Certains pourront trouver déprimant que même une des entreprises les plus en pointe se considère encore très loin d’une durabilité authentique (par exemple, la confection d’une seule chemise en coton organique requiert environ 2700 litres d’eau – essentiellement en raison de l’irrigation -, ce qui permet de répondre aux besoins en eau de 900 personnes). Y a-t-il donc un espoir que le monde des affaires dans son ensemble y parvienne?

Ce livre nourrit effectivement un espoir car il montre que la durabilité est un chemin, qui, s’il est suivi avec persévérance, se traduit par des résultats tangibles. Même si la durabilité intégrale d’une entreprise est un idéal lointain, il reste essentiel de prendre l’initiative de réduire les dégâts qu’elle génère, ce qui permet en cours de route de trouver des initiatives de plus en plus ambitieuses.

L’histoire de Patagonia montre avec clarté ce chemin : la prise de conscience de la responsabilité sociale et environnementale a été progressive et, à mesure qu’elle s’approfondissait, de nouvelles actions étaient mises en place.

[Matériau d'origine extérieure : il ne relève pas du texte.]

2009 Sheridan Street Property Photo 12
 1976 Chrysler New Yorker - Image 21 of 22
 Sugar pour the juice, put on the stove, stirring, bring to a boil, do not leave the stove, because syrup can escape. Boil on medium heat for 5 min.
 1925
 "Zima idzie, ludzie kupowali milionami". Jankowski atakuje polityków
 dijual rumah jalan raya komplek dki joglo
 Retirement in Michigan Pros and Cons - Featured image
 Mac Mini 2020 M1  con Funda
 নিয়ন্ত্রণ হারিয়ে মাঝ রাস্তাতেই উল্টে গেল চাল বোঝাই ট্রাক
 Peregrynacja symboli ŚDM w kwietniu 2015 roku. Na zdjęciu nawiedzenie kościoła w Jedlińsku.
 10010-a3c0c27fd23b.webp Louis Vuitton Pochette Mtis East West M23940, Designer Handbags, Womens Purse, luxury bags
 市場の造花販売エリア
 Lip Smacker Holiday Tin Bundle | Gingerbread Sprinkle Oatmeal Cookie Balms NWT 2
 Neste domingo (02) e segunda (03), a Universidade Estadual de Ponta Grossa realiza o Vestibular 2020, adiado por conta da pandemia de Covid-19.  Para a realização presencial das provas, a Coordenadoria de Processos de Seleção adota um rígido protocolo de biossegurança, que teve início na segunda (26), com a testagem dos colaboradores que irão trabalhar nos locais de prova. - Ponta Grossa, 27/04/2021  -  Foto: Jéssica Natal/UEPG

Les auteurs, au-delà de leur histoire, veulent partager trois enseignements :

– Trouver le courage de mesurer avec précision les dégâts environnementaux créés par l’activité actuelle (ils qualifient, dans leur cas, de “terribles” les résultats de la première évaluation de l’impact de leurs vêtements en coton)

– Identifier les voies prioritaires d’amélioration (en commençant par les 20% de produits qui représentent 80% des ventes)

– Partager ce que l’on apprend en cours de chemin avec le plus grand nombre de personnes, et aussi souvent que possible (ce qui incite à être de plus en plus audacieux).

Le parcours de Patagonia décrit dans le livre est assez fascinant, mais, pour les auteurs, la partie essentielle est celle qui présente les différents facettes de la responsabilité de l’entreprise envers ses “parties prenantes” (stakeholders) : actionnaires, clients, communautés locales, et nature (selon eux, cette dernière est souvent oubliée parce que le mythe que “prendre soin de la nature va à l’encontre de la performance économique” est profondément ancré en nous).

Pour chaque partie prenante, est présentée en annexe, une “checklist” de ce que les entreprises peuvent faire pour devenir plus responsables tout en consolidant leur business (ces checklists sont aussi disponibles gratuitement sur Patagonia.com).

Ce livre est donc à la fois un témoignage et un manuel, plus inspirant que beaucoup de livres sur la durabilité. Espérons que Patagonia reste une référence à suivre dans les 40 prochaines années!